GOAL OF THE EXERCISE | Of the lines below, copy those that hold the word "Image".

BEGIN AVAILABLE RECORDS

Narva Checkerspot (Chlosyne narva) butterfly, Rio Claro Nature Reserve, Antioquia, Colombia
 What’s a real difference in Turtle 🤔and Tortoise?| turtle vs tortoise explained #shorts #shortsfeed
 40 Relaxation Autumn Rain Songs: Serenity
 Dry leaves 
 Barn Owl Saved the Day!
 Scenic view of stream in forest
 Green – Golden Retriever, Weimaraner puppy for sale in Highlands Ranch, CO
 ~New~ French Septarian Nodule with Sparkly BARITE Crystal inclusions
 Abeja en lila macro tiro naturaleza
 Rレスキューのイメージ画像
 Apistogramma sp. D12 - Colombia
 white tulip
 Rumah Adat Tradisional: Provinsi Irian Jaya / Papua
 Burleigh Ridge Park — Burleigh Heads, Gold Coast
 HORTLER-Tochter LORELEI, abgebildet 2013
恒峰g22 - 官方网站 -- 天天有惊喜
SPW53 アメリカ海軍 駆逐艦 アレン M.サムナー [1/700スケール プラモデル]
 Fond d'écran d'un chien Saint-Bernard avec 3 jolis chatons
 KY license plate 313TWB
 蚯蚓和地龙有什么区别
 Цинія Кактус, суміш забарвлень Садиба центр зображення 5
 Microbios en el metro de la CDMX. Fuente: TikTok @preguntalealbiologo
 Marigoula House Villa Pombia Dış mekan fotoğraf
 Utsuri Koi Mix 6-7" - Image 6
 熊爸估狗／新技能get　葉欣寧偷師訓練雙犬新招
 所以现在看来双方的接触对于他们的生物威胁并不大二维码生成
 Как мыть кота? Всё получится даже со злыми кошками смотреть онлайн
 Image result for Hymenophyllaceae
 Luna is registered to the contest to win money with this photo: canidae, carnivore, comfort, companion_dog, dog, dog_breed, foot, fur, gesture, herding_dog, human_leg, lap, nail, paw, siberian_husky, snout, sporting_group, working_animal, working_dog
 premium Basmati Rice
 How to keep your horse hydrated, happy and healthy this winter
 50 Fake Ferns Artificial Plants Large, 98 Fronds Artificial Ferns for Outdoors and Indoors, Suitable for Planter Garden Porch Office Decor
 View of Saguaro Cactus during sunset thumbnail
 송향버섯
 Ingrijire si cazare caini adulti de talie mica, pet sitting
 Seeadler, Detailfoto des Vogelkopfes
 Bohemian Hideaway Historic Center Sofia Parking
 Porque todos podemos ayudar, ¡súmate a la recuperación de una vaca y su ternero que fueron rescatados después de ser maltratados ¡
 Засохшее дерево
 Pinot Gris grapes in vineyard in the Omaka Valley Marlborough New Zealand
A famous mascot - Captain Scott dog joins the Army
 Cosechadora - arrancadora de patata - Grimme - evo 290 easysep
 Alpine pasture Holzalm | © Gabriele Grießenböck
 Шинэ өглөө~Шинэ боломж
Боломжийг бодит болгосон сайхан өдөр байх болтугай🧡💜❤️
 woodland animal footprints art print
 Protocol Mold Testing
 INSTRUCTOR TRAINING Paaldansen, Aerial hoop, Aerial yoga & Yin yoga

END AVAILABLE RECORDS

WRITTEN ANSWER |
 Utsuri Koi Mix 6-7" - Image 6
 Image result for Hymenophyllaceae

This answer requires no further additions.